With these metrics, CEOs can make informed decisions that drive sustainable growth, improve customer satisfaction, and ultimately increase the overall value of their business. In this blog, we’ll explore some of the most critical metrics that every B2B software company should track and how they can be used to propel your business to new heights
Financial Metrics (Rear view mirror)
These are lagging metrics, financial indicators that are based on past performance:
Annual and Monthly Recurring Revenue (ARR/MRR). Track recognized ARR/MRR and ARR run rate (most recent month’s MRR * 12). Recognized ARR and ARR Run-rate are rarely the same value for growing companies. You’ll want to track ARR growth rate as well.
Customer Lifetime Value (LTV). This is the average revenue per customer x the average number of years a customer is retained.
Customer Acquisition Cost. Sum of Sales and Marketing Expenses in a given quarter over the number of new customers acquired in that same quarter.
CAC Payback. The number of months it takes to payback the sales and marketing costs to acquire that customer.
Sales Magic Number. The amount of new ARR that you can acquire for $1 of sales and marketing spend. If you spent $100K in a quarter and added $200K of ARR your sales magic number is 2.0. If your number is greater than 1.0 there is room to invest further in sales and marketing. If its less than 0.5 than there may be a need to improve a few things. We have a calculator you can use here.

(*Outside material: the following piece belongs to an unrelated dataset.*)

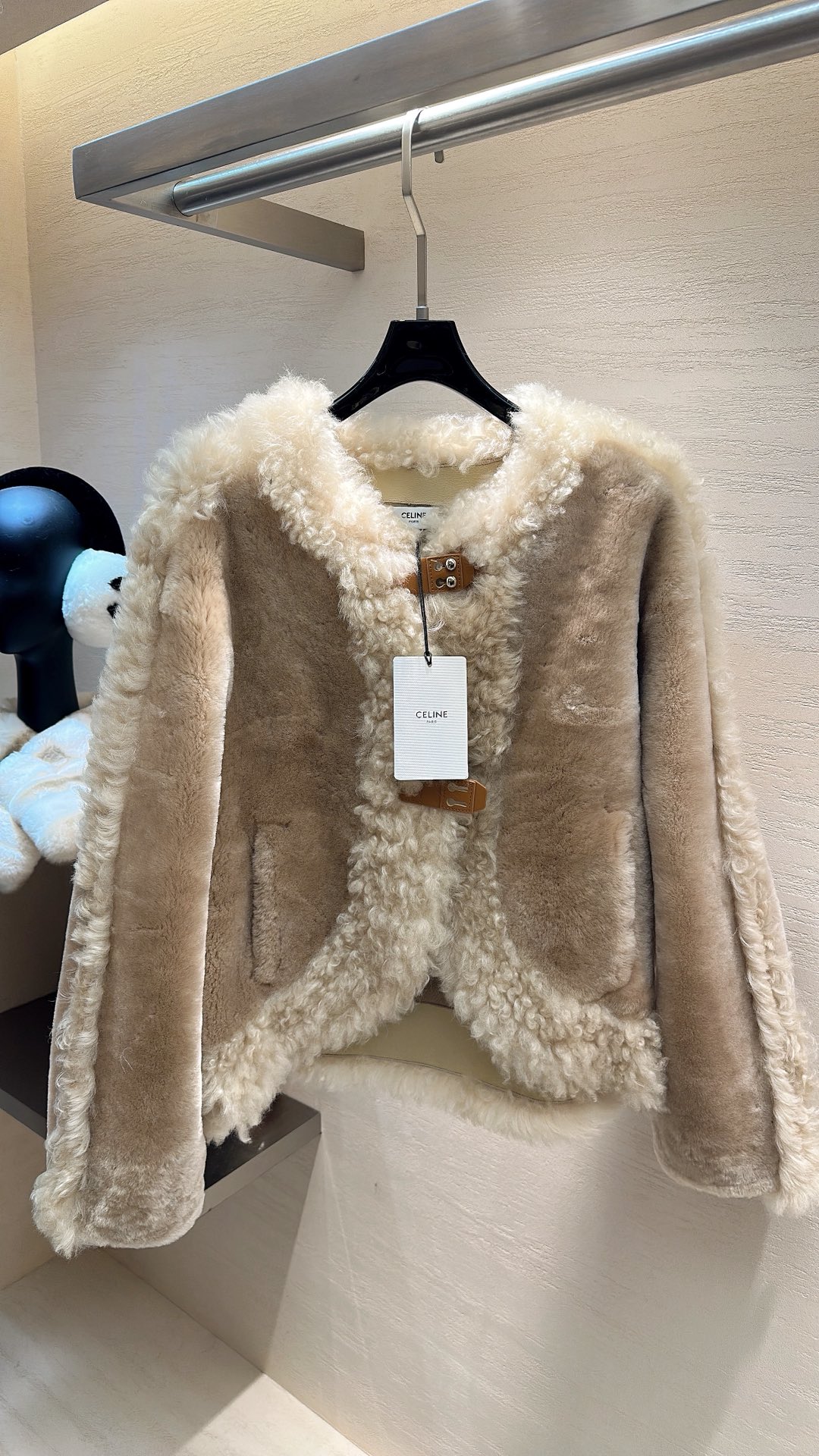 NO:689270,CELINE*25 new style autumn and winter series fur one-piece sheepskin button jacket size S M L XL, Celine-clothing, celine, celine, jackets & coats, sheepskin,19860909CELINE*25新款上新 秋冬系列皮毛一体羊皮扣外套 码数S M L XL,赛琳-服装,celine,celine,jackets & coats,sheepskin,,Women's clothing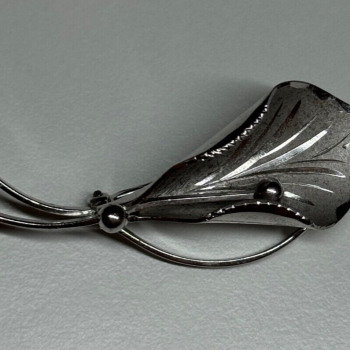 925 Sterling Silver Flower Brooch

Gross Margin. Total Revenue less Cost of Sales. The Cost of Sales gets a little hazy but the best practice is to include all variable third party software components, as well as services and support costs. Basically everything but Operating Expenses.
Burn Rate. Total Revenue less Total Expenses.
Free Cash Flow. Cash in minus cash out. Cash basis profitability versus Accrual basis.
Gross Retention Rate (GRR). The amount of recurring revenue in a given period less recurring revenue that churns (does not renew). For a mature company, this number should be north of 90%.
Net Retention Rate (NRR). This is GRR but including any upsells or expansion revenue from customers in the same period. If you are between 100 and 110% you are doing great.
Churn. Same concept as retention, but looking at the count of customers, not revenue related to customers.
Leading Metrics (forward looking)
Sales Bookings. This is the dollar amount of sales that is booked. Booked sales is future revenue, rarely unless it’s hardware can it be recorded right away. Booked sales may also have deferred cash collection. It’s important to split booked sales out by revenue type. Example, recurring software value vs services; or tracking multiple years of booked sales versus one year, etc.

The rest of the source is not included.